··· SUPPLIED INFORMATION

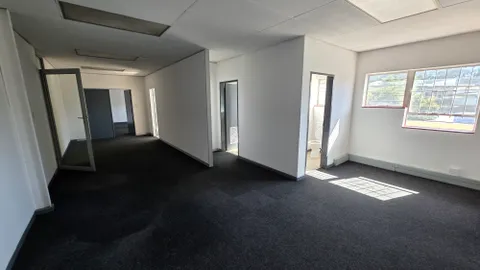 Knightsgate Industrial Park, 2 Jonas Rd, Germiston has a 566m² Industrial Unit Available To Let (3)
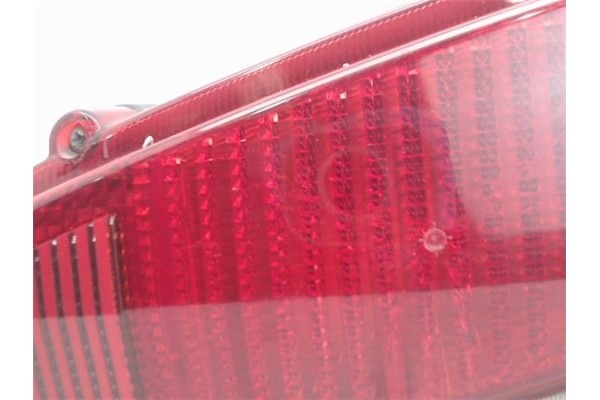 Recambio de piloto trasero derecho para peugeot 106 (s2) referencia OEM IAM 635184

······
··· SUPPLIED INFORMATION

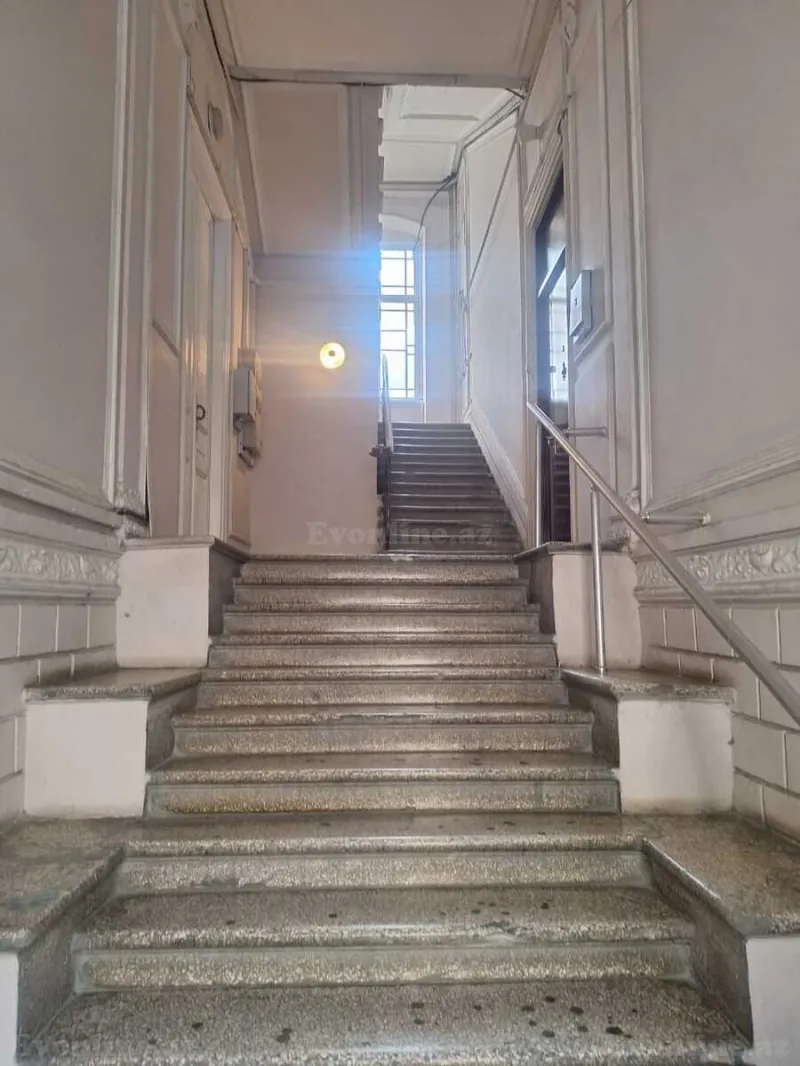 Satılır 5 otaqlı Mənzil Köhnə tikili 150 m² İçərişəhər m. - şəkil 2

······

### [EXERCISE INSTRUCTIONS]
Above this task is a listing with pictures in it. Retype only the lines from the one containing "Knightsgate Industrial Park, 2" through the one containing "Recambio de piloto", both included, and not the pictures.

### [ANSWER TO THE EXERCISE]
 Knightsgate Industrial Park, 2 Jonas Rd, Germiston has a 566m² Industrial Unit Available To Let (3)
 Recambio de piloto trasero derecho para peugeot 106 (s2) referencia OEM IAM 635184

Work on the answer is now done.